▸ **Brief**
For the material below, reproduce exactly each line from the one that has "Fred Martin of Youngstown." through the one that has "Good morning, welcome", and no others; pictures stay out.

▸ **Data shown**

•••

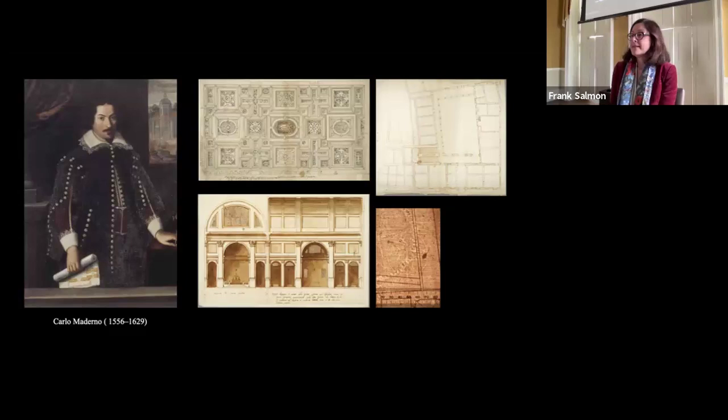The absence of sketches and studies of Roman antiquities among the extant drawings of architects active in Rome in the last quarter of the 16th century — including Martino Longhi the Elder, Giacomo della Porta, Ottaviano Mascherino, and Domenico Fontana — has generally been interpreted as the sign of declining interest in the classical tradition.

•••

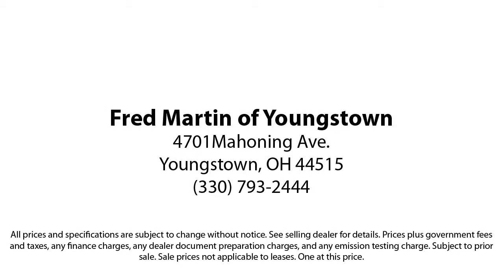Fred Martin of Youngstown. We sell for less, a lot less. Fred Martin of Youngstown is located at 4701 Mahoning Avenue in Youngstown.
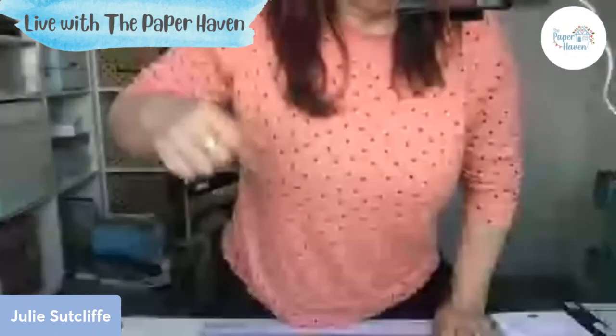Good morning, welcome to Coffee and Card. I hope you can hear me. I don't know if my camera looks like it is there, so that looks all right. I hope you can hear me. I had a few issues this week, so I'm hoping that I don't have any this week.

•••

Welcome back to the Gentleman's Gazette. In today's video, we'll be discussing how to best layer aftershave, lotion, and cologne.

•••

▸ **Task result**
Fred Martin of Youngstown. We sell for less, a lot less. Fred Martin of Youngstown is located at 4701 Mahoning Avenue in Youngstown.
Good morning, welcome to Coffee and Card. I hope you can hear me. I don't know if my camera looks like it is there, so that looks all right. I hope you can hear me. I had a few issues this week, so I'm hoping that I don't have any this week.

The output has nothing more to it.